クルルーラとのゴタゴタがあり、勇誠達が隷属契約を結んだその日の夜。勇誠達は改めてオルトバニアに来ていた。因みに服装は皆私服姿である。


空は快晴。雲一つない青空に、地平線まで通く草原。ここまではクルルーラの案内で、フラメと勇誠が出会った森の中から全員で移動(本来神候補生は、転生者と共に移動し、道案内や世界についての説明を行うらしいのだが、クルルーラは勇女遠いかけっこの末に取っ捕まっていたため、勇誠が一人で森をさ迷う嵌めになっていたらしい)し、森を無事脱出。今回森の中ではなぜかモンスターに出会わず(これに関してはクルルーラも不思議にしていたため、クルルーラの仕込みではない模様)、安全な道のりであった。若干モンスターと戦ってみたかったらしかった、空が不満げな顔をしていたが、それは気づかなかったことにしておく。正直、今は安全第一が好ましい。危険はないに越した事はないのだ。と言うか、まず武器も全員持ってないし。


と言うわけなので、森を脱出した面々が目指すのは街なのだが、肺一杯に空気を吸い込んだ癒羅は、何度も深呼吸している。確かに、オルトバニアの空気は車の排気ガス等々がないため、基本的に澄んでいて綺麗だ。
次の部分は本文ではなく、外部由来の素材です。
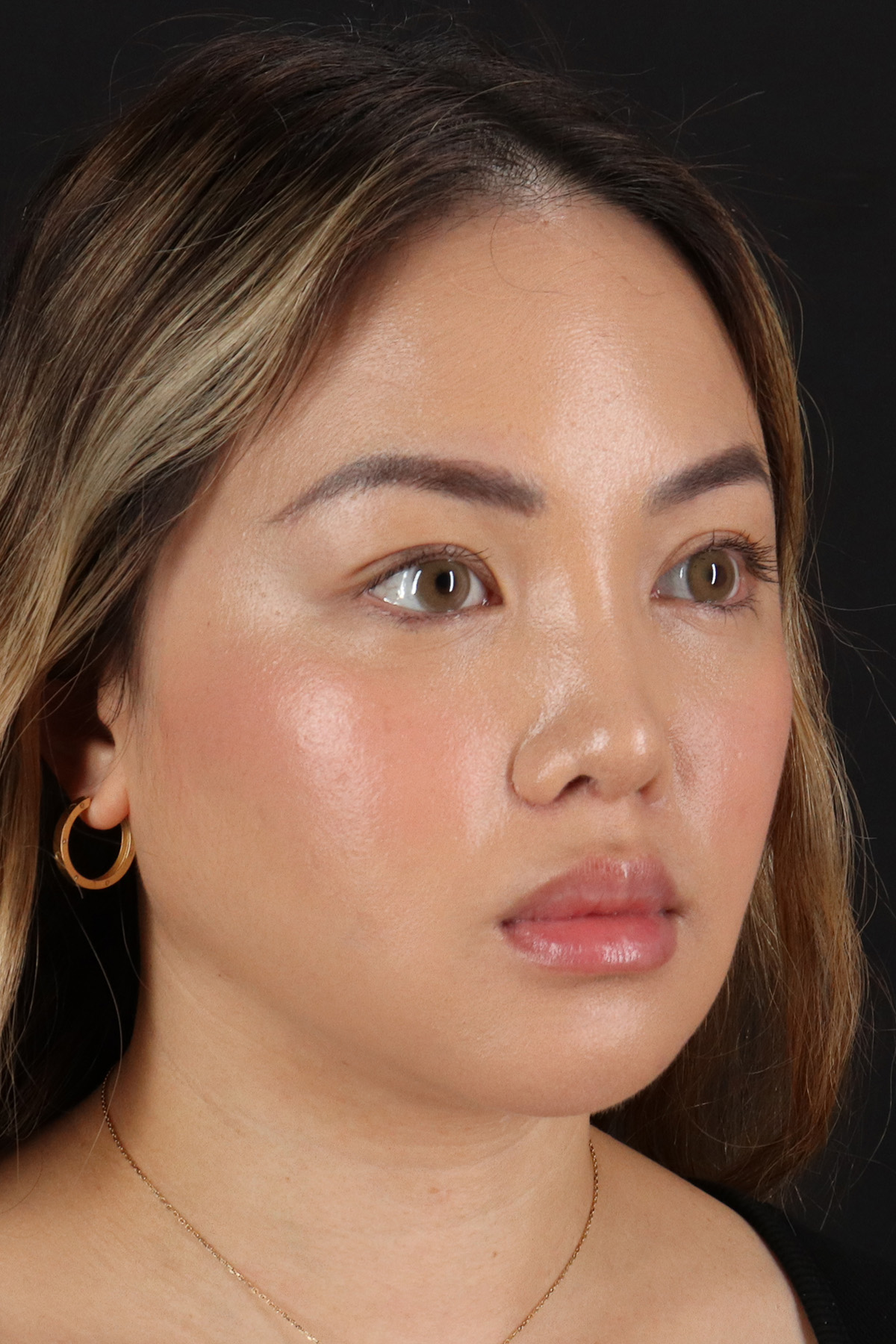 Chin Implant Before & After Patient #13816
東桜市は、結構日本の首都・東京に近く、比較的都会なため、空気がここまで綺麗ではない。


「山籠りによく行く田舎を思い出すなぁ」

「避暑地によく行く別荘を思い出しますわぁ」


と、同意しにくい例えをするのは、空と美矢である。まぁ二人の場合タイプは違えど、浮世離れしてると言う点では似た者同士なのかもしれない。


後これまたタイプが違えど、天才タイプだ。


空は武術特化型。美矢は手広く平均以上に出来るバランス型。どちらも勇誠にはない(よくも悪くもだいたい平均か、それ以下だ)ので、羨ましい限りである。


「それにしてもどうすれば良いわけ?」


そんな風に勇誠が思う中、こっちはこっちで空気を堪能し終えた魔実が、これからの目的を確認してきた。とは言え勇誠も何をすればいいのかわからない。何て思っていると、


「それでしたらまずは近くの町を目指して冒険者ギルドに加入して、冒険者になっちゃいましょう」

『ん?』


シュパ!と登場したのは、クルルーラだ。一応神候補生はこの世界では力は制限されて殆ど使えないらしいのだが、さっき言ったように、こうやってオルトバニアのナビゲーターとして共に行くのだが、さっきの森からの案内といい、ようやくそれらしい事をし始めてくれている。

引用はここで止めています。